Researchers at Robarts have also developed special techniques to use the powerful brain-imaging to observe “even the tiniest of microbleeds.”
“Having this equipment available, plus the knowledge that we have here — the imaging group at the Robarts, the scientists that are here that are developing new techniques on the MRI scanners that we don’t even typically use in a hospital — this is what allows us to sort of see these really subtle changes that are occurring and is the basis for this study,” he added.
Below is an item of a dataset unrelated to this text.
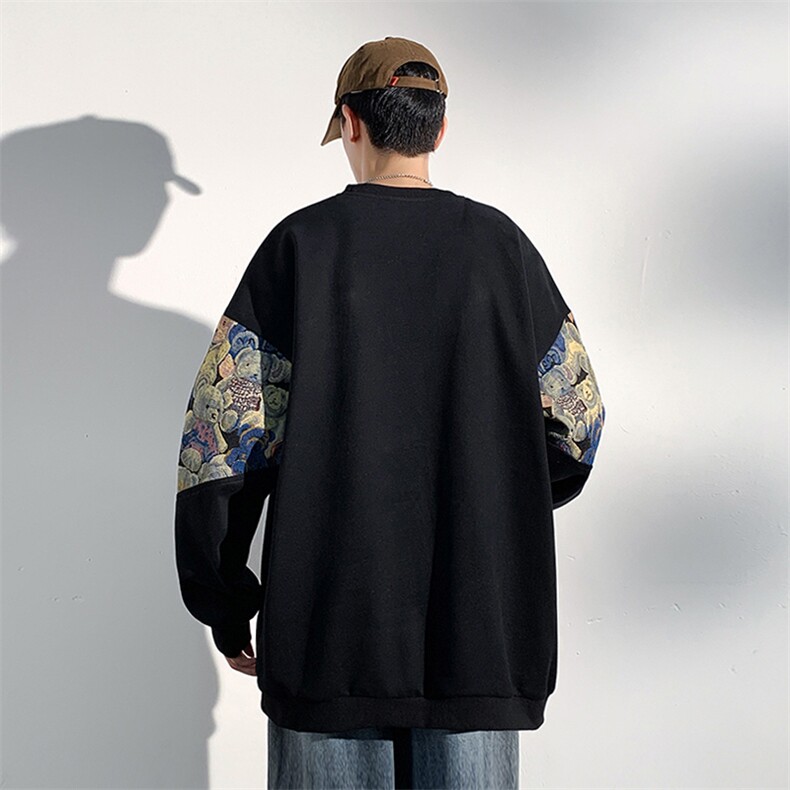 2026春季新款光影墙大码320克华棉刺绣卫衣M-5XHW23675-特P35,男装卫衣,电商A022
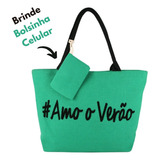 Bolsa Feminina Sacola Para Praia E Piscina Grande Resistente Cor Verde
The team is hoping to recruit at least 60 patients who’ve experienced neurological symptoms from COVID-19 to undergo cognitive testing and “a full gamut of MRI scans.”
“The study started a few months ago, but we’re still not even halfway through the recruitment,” Bartha told Global News.
“Eventually I’d like to get up to 120 people that are part of the study. We’re at about 30 people now. We’re actively recruiting people, we’re doing all the recruitment through the COVID clinic. And so anyone that is attending that clinic would get asked to to participate in the study.”
He says the team will look for any associations between the cognitive changes demonstrated and the brain imaging.
Researchers are hoping that if they can understand what’s happening in the brains of people with COVID-19, they can also get a better sense of whether COVID-19 will have an impact on developing other diseases later in life, like Alzheimer’s or dementia.